You know, we saw this a little bit with John McCain in the last cycle, you know, he was down and then -- and, you know, people resisted going to him. And at the end of the day, they did. I don't know that that's going to be the case this time...
ROBERTS: But that didn't turn out so well for the Republicans in the end.
AMANPOUR: Do you think...
GILLESPIE: Well, it was a tough -- you know, I agree with that, obviously, very tough environment. I don't think -- I think it's a very tough environment for the president this go-around.
AMANPOUR: Do you think, Jon, that even at this late date, all of this anxiety could result in a third-party candidate?
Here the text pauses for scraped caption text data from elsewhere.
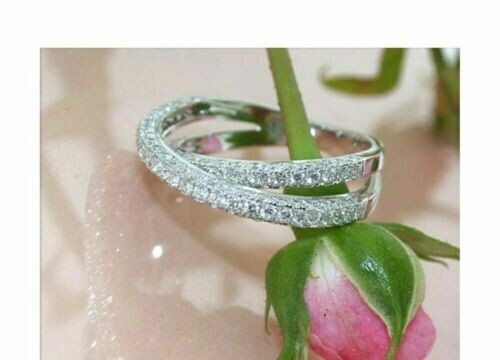 2Ct Round Cut Lab Created Diamond Band Women's Ring 14k White Gold Plated - Bild 6 von 7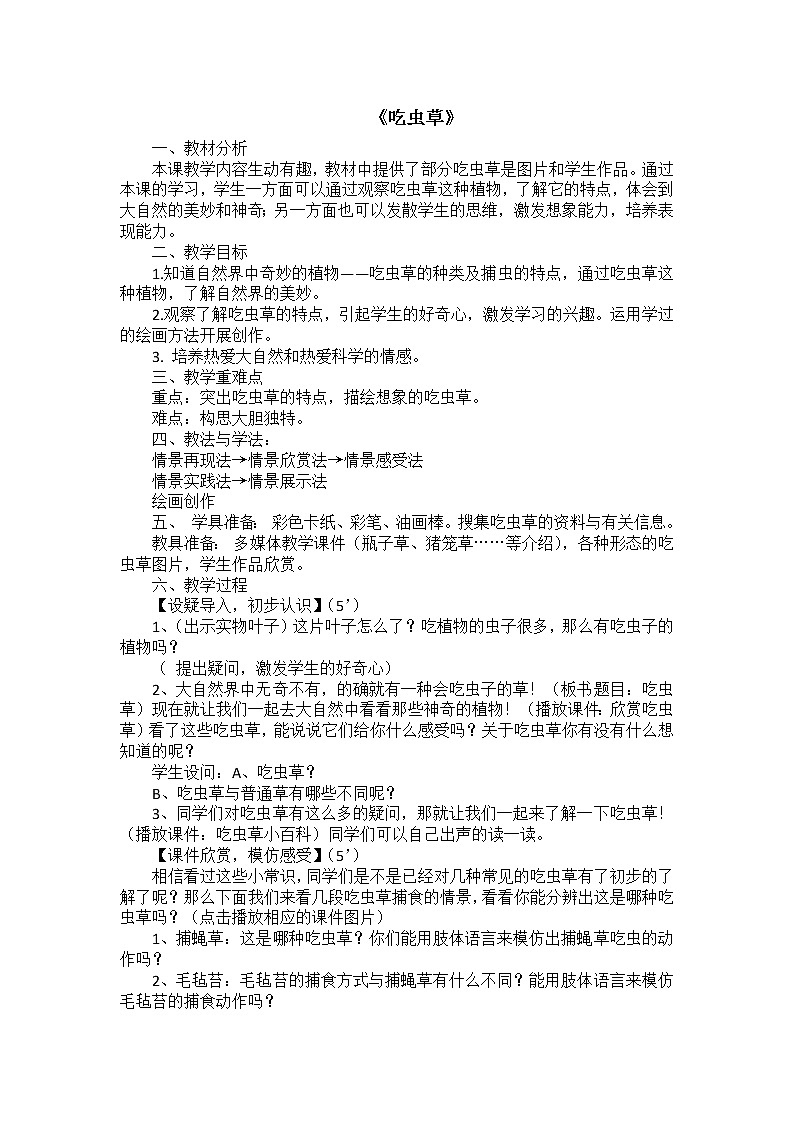 2吃虫草 教案01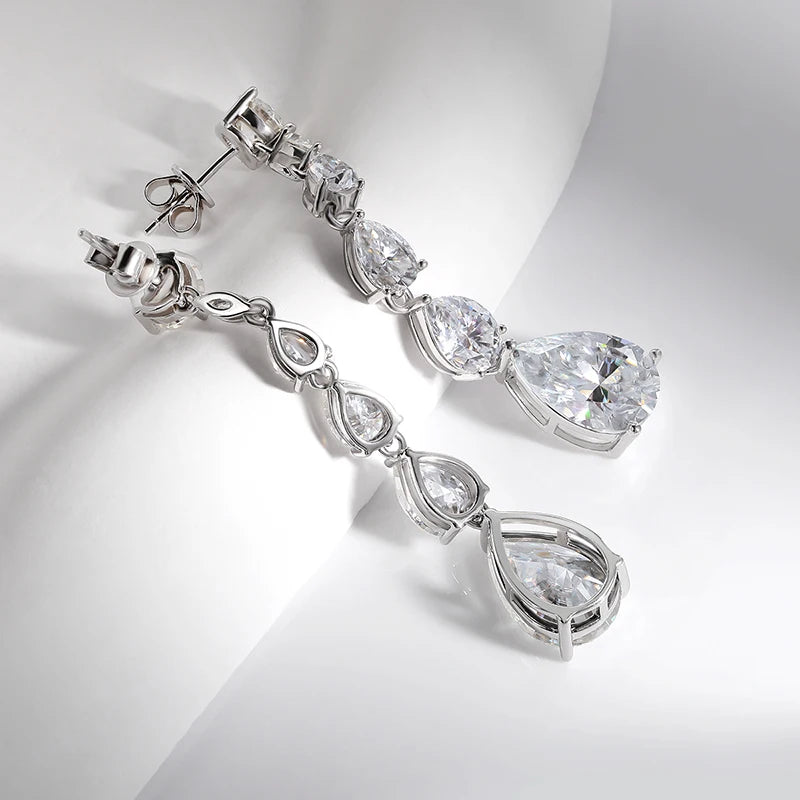 17.1 Carats Total Moissanite Rhodium Plated 925 Sterling Silver Drop Earrings
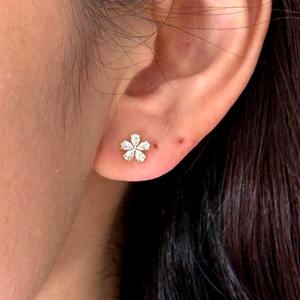 Pendientes de Diamante Cultivado en Laboratorio con Corte de Pera de 1 Quilate, Forma de Flor, Oro Rosa Sólido de 14K, Regalo de Compromiso y Boda para Mujer - Product Image 5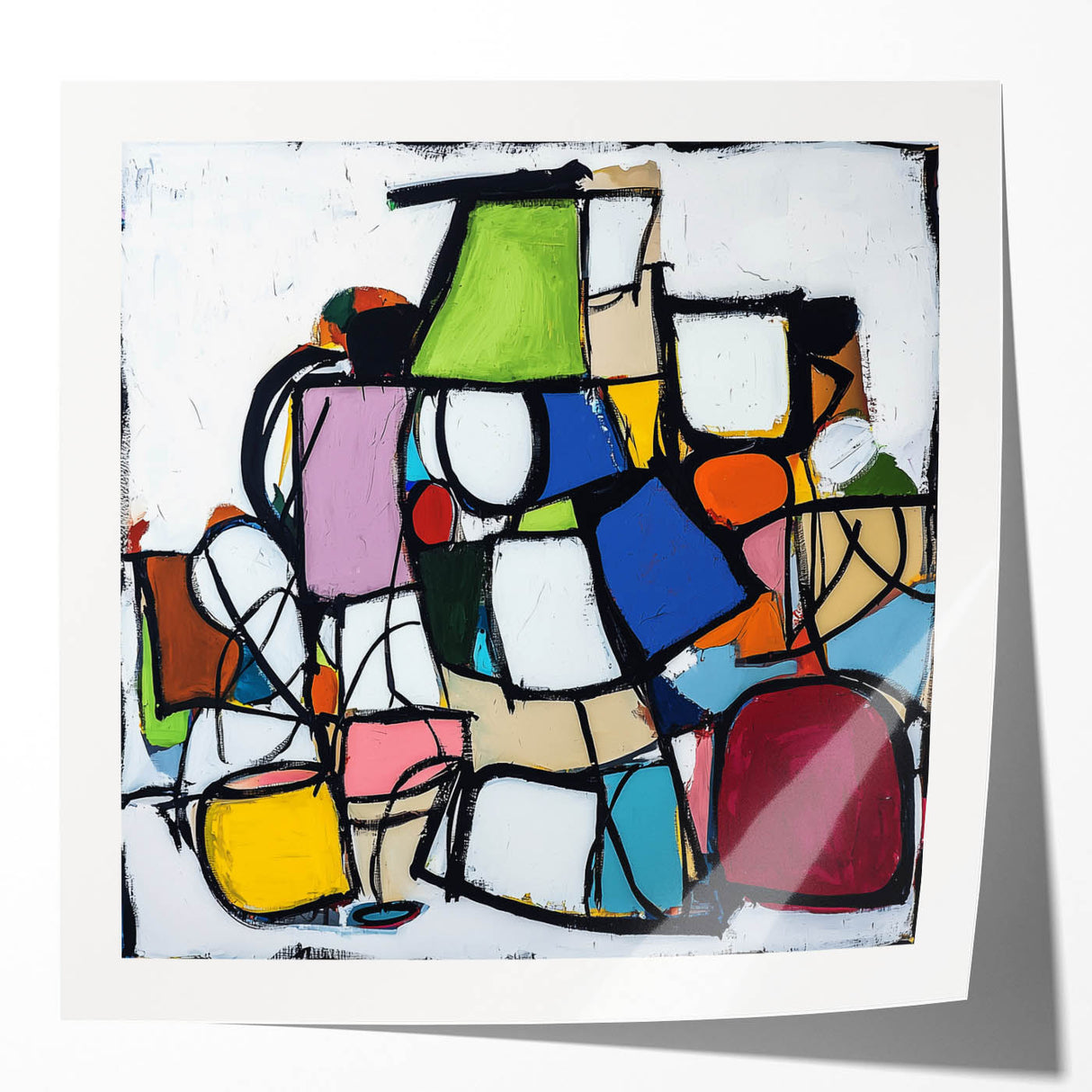 Abstract geometric photo print mockup featuring a glossy finish, showcasing vibrant colors and unique shapes, ideal for modern home decor or art display.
KARL: Well, look, the conditions are practically perfect for a third-party candidate, especially if Newt Gingrich is the Republican nominee. You have -- you have two candidates for the parties that have absolutely -- I mean, almost no support among independents at this point, I mean, completely alienating independents. And there is the environment. But I just -- who?
KARL: I mean, you know, who's out there?
ROBERTS: Ron Paul.
WILL: Traditionally, successful third-party candidates have three things: a regional base -- George Wallace -- a burning issue -- George Wallace or Ross Perot, who got 19 percent of the vote -- and a vivid personality, and Lord knows Wallace and Perot had both. I don't see anyone with any of the three.
AMANPOUR: So quick, lightning round, then, who do you think was the most influential politician of 2012? Real name, not the president?
WILL: John Boehner...
AMANPOUR: John Boehner?
WILL: ... who consistently managed an unruly caucus and bested the president time after time.
ROBERTS: I'm not -- I can't say the president, because...
ROBERTS: ... oh, OK. Well, I'm afraid I'd have to agree with George, then, John Boehner.
AMANPOUR: Otherwise, why the president?
ROBERTS: Because the president's still the president, and he -- and he can set an agenda in a way that, you know, that others can't.
GILLESPIE: Paul Ryan, who put forward a very concrete plan to reform entitlement spending, withstood an onslaught by the left in defense of it, and I think has shaped the debate and made clear to Republicans and conservatives that this is an argument we can make, and make with confidence.
KARL: Yes, and I'll say Paul Ryan, slightly different take. I mean, he put forth the idea that you could actually tackle entitlements and survive politically. And he got every single Republican in the House to sign onto his plan. Now we'll see if it works.